Sur le trottoir d’en face, collées à la partie la plus basse de la façade postérieure du Sénat, sous un gigantesque encorbellement qui point du mur, des grappes de personnes discutent. Il s’agit, probablement, de parents de détenus ou de sympathisants d’activistes politiques en attente de jugement. L’endroit vit, en effet, dans effervescence depuis le premier tiers de 2019. En plus des procès d’anciens nantis du système tombés en disgrâce, puis sous le maillet de la Justice, plusieurs révoltés pacifiques ont écopé de peines lourdes réservées d’ordinaire aux fauteurs de troubles à l’ordre public.

Une estampe figée

La rue de la liberté est également occupée par l’édifice d’un titre mythique de la presse algérienne : El Moudjahid. Le journal est intiment lié à la mémoire du pays puisque, durant la guerre d’indépendance, il était l’organe central du Front de libération nationale. El Moudjahid, qui a accompagné toutes les étapes de l’histoire récente de l’Algérie, résiste vaillamment au temps et à ses vicissitudes. Il a gardé, grâce à une approche particulière du journalisme, un incroyable aplomb. Comme un vieux et solide galion, il maintient, quelles que soient les houles, le même cap tanguant tantôt à bas-bord, tantôt tribord, de sorte qu’un lecteur qui lui suit sur six décennies sent que l’Etat national est inébranlable jusqu’à la perpétuité.

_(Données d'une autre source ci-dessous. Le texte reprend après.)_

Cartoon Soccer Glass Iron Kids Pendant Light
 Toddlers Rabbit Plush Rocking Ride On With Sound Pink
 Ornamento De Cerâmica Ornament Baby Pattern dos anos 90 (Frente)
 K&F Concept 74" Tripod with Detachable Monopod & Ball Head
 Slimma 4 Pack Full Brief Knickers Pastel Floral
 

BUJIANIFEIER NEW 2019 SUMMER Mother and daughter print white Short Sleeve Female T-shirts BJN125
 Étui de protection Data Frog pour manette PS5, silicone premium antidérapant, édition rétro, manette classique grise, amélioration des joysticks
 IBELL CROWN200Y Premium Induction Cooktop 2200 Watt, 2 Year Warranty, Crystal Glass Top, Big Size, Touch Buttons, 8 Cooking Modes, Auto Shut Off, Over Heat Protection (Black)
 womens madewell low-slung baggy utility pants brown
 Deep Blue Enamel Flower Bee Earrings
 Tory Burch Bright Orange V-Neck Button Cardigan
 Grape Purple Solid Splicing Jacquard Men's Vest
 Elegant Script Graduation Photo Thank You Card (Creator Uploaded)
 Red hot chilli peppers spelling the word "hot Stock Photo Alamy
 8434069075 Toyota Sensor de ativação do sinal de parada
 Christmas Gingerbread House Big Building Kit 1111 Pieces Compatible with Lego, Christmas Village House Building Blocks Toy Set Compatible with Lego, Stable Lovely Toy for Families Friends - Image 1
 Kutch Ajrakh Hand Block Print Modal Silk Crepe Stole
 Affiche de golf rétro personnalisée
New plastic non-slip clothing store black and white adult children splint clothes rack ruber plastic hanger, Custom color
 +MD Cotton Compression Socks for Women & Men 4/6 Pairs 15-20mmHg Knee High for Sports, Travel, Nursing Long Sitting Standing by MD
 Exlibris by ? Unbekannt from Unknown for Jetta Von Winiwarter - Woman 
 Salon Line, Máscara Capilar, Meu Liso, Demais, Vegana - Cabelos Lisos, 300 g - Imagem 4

La rue de la Liberté est aussi prisée, pour une raison évidente, par les avocats et par d’autres praticiens libéraux. Elle accueille également une coquette école primaire qui est restée longtemps fermée à cause de la pandémie.

Fermée l’est aussi l’agence d’Air Algérie qui affichait naguère au charme vintage des seventies. L’inénarrable Hôtel Aletti, visible de là, lui, est toujours en travaux. Son élégante silhouette art-déco est aujourd’hui couverte par des filets en haillons salis par les poussières du chantier.

Ainsi, la rue de la Liberté, à l’instar d’une estampe figée, raconte mieux qu’un livre savant l’état actuel du pays. Un pays où tout paraît informel, déguenillé, léthargique et souvent interdit. Un pays qui hésite entre la reculade en désordre vers un hier, décrété glorieux, et l’envie forte de ses jeunes d’aller rapidement vers des lendemains meilleurs, quitte à se noyer dans la mer, quitte à se faire dévorer par les poissons.